Despite this, following new credit card processing standard and regulations going into effect in 2019/2020 we had to make the choice to either migrate our payment systems to supporting 3DSecure v.2 or to risk a number of our paying customers being literally unable to pay us. It was essentially a no-choice scenario for us.

The purchase screen at Analytics-Toolkit.com (where we did not test)
The purchase screen at Analytics-Toolkit.com

For those tempted by the details, we were complying with Europe’s Payment Services Directive II (PSD2) and particularly the Strong Customer Authentication (SCA) requirement.

To Test or Not to Test?

As you can see, the decision to implement this was practically made beforehand. We need to comply to the regulation, despite it providing zero benefits to our particular customer base.

Technically the changes we had to make weren’t that many and so the amount of work accompanying this was low. It actually took us about a day of work to deploy on staging, QA and be ready to release and QA on production. It would be equally easy to roll back the change if we had detected any serious issues.

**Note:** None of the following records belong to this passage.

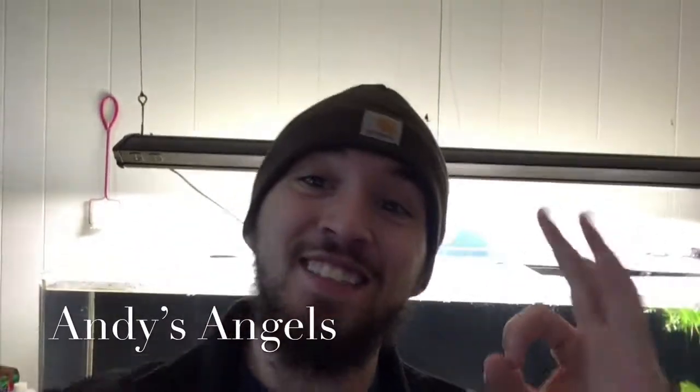What's up guys, it's Andy with Andy's Angels and I'm here with some more content — let's get it.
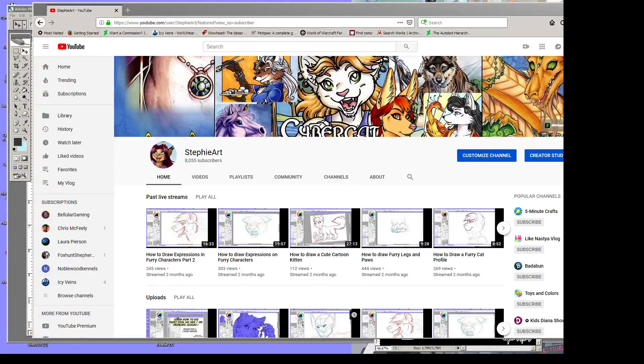Hey everyone and welcome to Drawing with Steffi. Today's video is actually not going to be a tutorial — it's just a thank you and to let you know a couple of nifty things going on. First out, I wanted to point out the community tab. A lot of folks don't know about it, but it's a great way to keep in touch with me and learn nifty stuff.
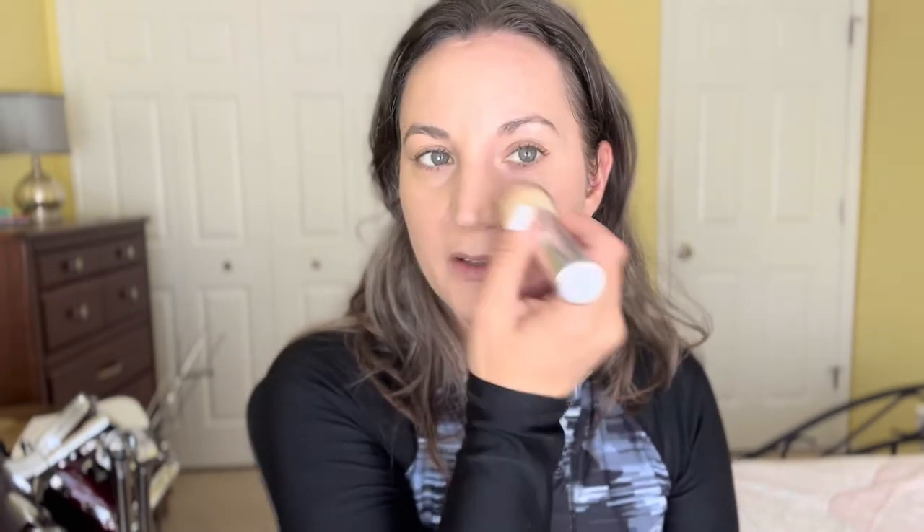If you have dry or flaky skin, this actually does really well — it kind of calms down the flakiness even though it's a powder. With the powder on, you can see my redness has calmed down and there's still a nice radiance but not as much shininess. If you just want a setting powder and don't need the coverage, that's fine too — a setting powder will still set your sunscreen in place.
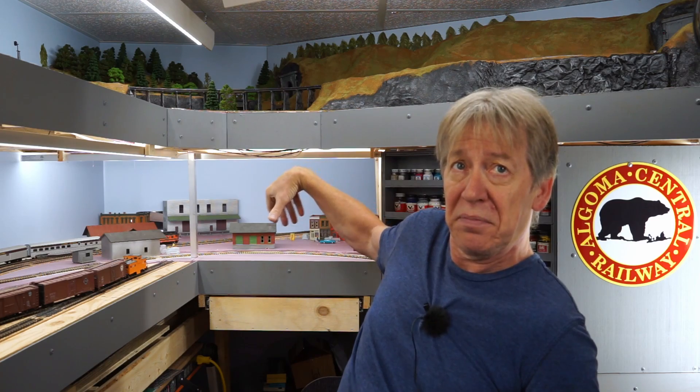Hi, welcome to my train room. I'm Rainer. It is currently mid-September 2024. Last February I recorded my first video of building this model railroad, sitting right about there in this same chair in the same room. I can't sit back there now because there's a layout there.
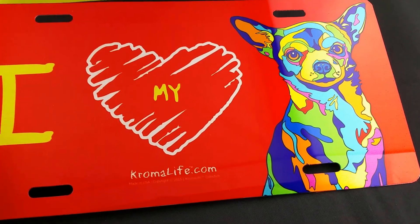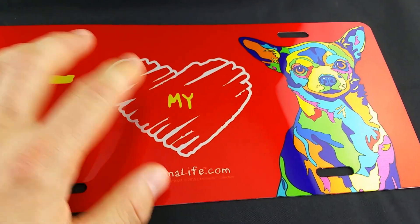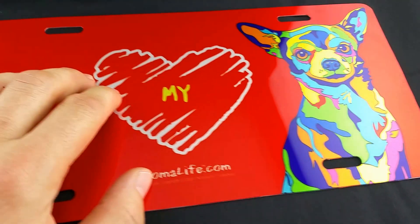This is the Chromalife aluminum license plate printed on clear aluminum. So there's no white in here — this is actually the color of aluminum there. It's very reflective, very bright, vivid colors.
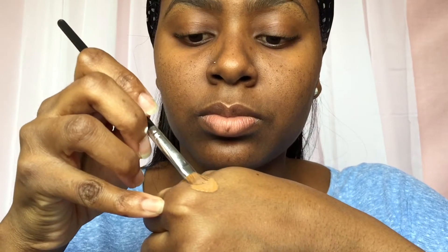Using the spoolie I'm just going to be coming through the product to disperse it all over evenly. Now we're going to go in with the Maybelline Fit Me Concealer in the color Cafe, and I'm just going to be cleaning up the bottom part of the brow and the top part if needed.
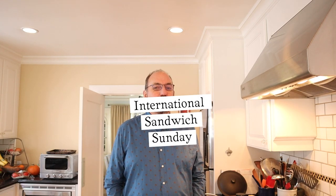Welcome to Sandwiches of History. Today is another International Sandwich Sunday and today we are going to be going to Sweden for some Toast Skagen.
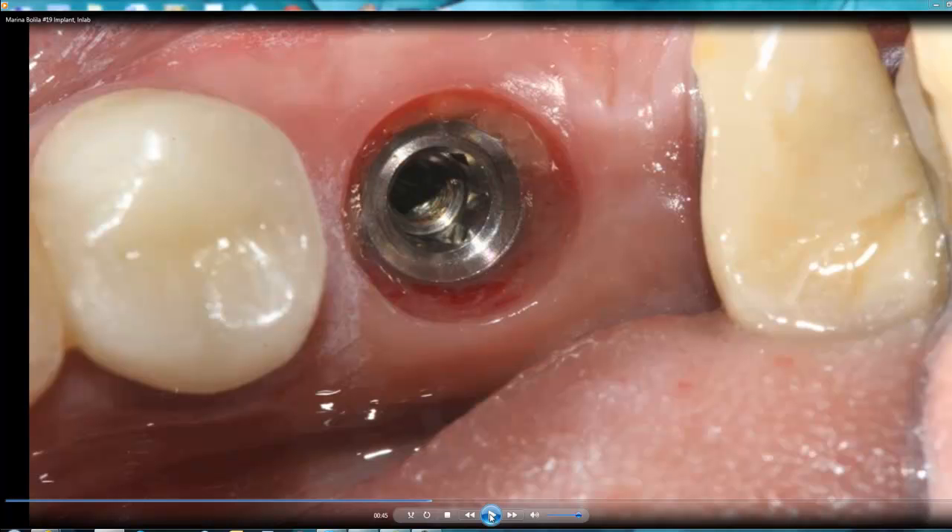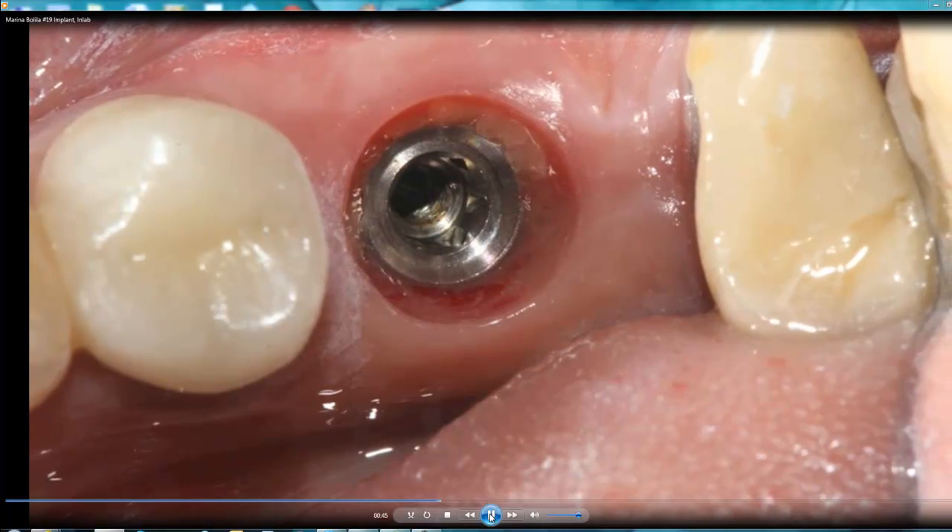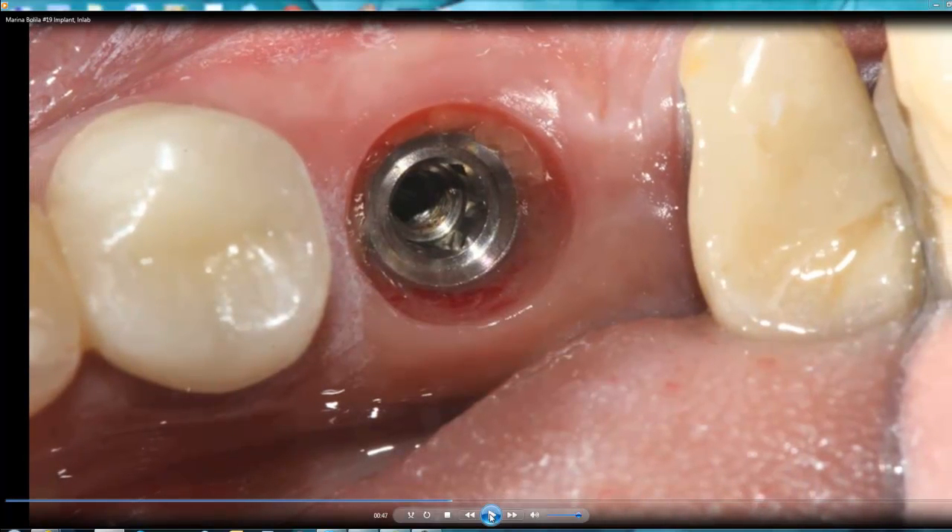We scanned the tissue while the patient was in the chair — no anesthesia involved, no extra time, just about 30 minutes. I scanned the implant site. I've been using MIS implants, but because there's no in-lab CEREC software for MIS specifically, I use Zimmer components since it's almost the same design. I use parts from Zimmer to restore MIS implants.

I should mention that we have a system in place for measuring and reporting payment flow errors. Therefore, we figured that if there was an issue with the 3DSecure implementation we would easily identify it using these error reports. A fix would then be on the way fairly quickly. A temporary rollback is also a cheap option, if it becomes necessary.

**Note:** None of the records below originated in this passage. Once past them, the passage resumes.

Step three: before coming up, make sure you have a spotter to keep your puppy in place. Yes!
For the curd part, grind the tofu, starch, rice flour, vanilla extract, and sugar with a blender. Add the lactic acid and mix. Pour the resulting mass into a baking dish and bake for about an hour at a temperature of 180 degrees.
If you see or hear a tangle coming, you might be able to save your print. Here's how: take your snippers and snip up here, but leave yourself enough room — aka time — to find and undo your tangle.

Considering what kind of test we could run and how long it would take to get the necessary sample size, we had to consider the type of hypothesis we would use. By all measures A/B testing the new 3DSecure flow would fall into an ‘easy decision’ scenario if we are to use the 2-type classification I first defined in my article “The Case for Non-Inferiority A/B Tests“. It would be a great candidate for a non-inferiority hypothesis to be used. In such a test the variant is to be implemented if it is not inferior to the control. Essentially the test would protect against the risk of unintended bugs that might lead to a decrease in conversions and revenue.

However, the cost of running such a test were not insignificant since our existing (custom) A/B testing infrastructure only supported front-end tests. Modifying it to support splitting traffic into two paths – one towards the old payment flow (no 3DSecure) and one towards the new payment flow (with 3Dsecure) would take additional time and resources to develop and QA.

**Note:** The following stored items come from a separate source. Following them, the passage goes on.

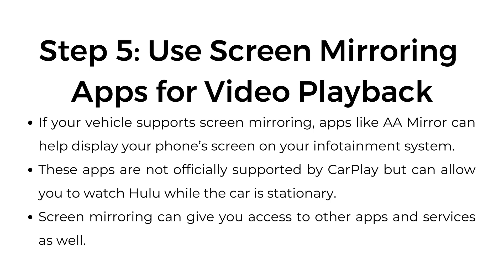Step number five: use screen mirroring apps for video playback. If your vehicle supports screen mirroring, apps like AA Mirror can help display your phone's screen on your infotainment system. These apps are not officially supported by CarPlay, but can allow you to watch Hulu while the car is stationary. Screen mirroring can give you access to other apps and services as well.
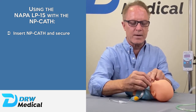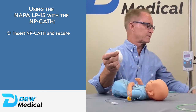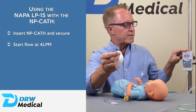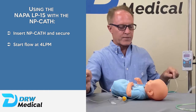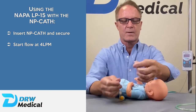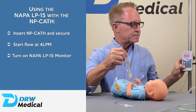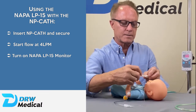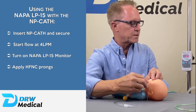We're going to secure that to the baby's face. We're going to turn our flow rate up to around four liters to start. We're also going to be using our NAPA LP15 monitor to measure the pressure. The NAPA LP15 monitor is connected by a sample line to the NP catheter — simple connection. We're going to turn that on, get a baseline of zero, and now we're going to adjust the nasal prongs into the baby's nares.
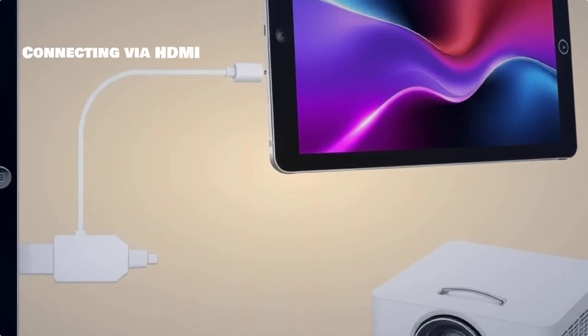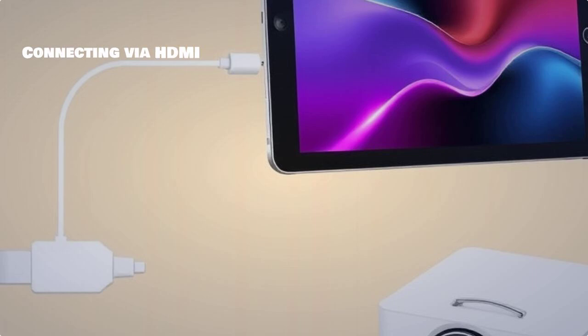Now let's connect your Samsung Tab S9 FE to a projector using an HDMI cable. Plug one end into your tablet and the other into the projector.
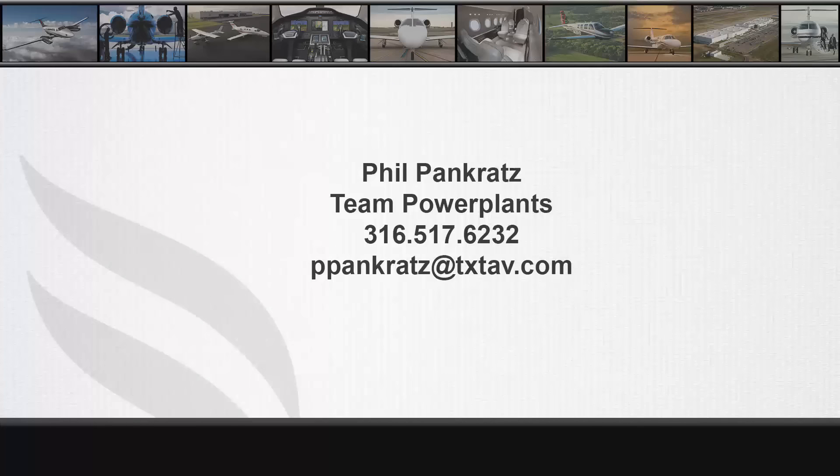If you have any questions you can contact me directly at 316-517-6232. Thank you for your time.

Given the assurance offered by our payment error tracking system and the low costs involved in fixing any issues discovered post factum, the decision was made to not test the new payment flow.

Naturally, the next logical question is – what’s the worst that could happen, and how likely it is that it would and would remain undetected for long?

What’s the Worst That Could Happen?

Well, naturally, we could lose all new business if there was a fatal flow in our 3DSecure integration. A very unlikely scenario, you would say, especially given the rigorous quality assurance process this release went through.

However, some days went by and we got a complaint from a user that they are unable to pay. They were reporting that the process got stuck right about where the 3DS prompt would be. Given that the 3DS prompt is a pop-up and knowing how overly-aggressive certain ad-blockers can be (and issue further exacerbated by having ‘analytics’ in the domain name) we assumed the problem was with the users’ browser configuration and tried to pinpoint the issue by working with them, unsuccessfully.

Several more days go by and we get a similar complaint from another user. In the meantime new subscriptions are still flowing in, and given the fairly low rate of such events, it was difficult to tell if the rate is lower than normal or not. A day or two later – a third complaint came in and at this point we were quite anxious. We tried working with our payment processing gateway provider to see if they saw any issues with our setup. We checked the payment error logs to find no new errors there, but that was not surprising as these are extremely rare.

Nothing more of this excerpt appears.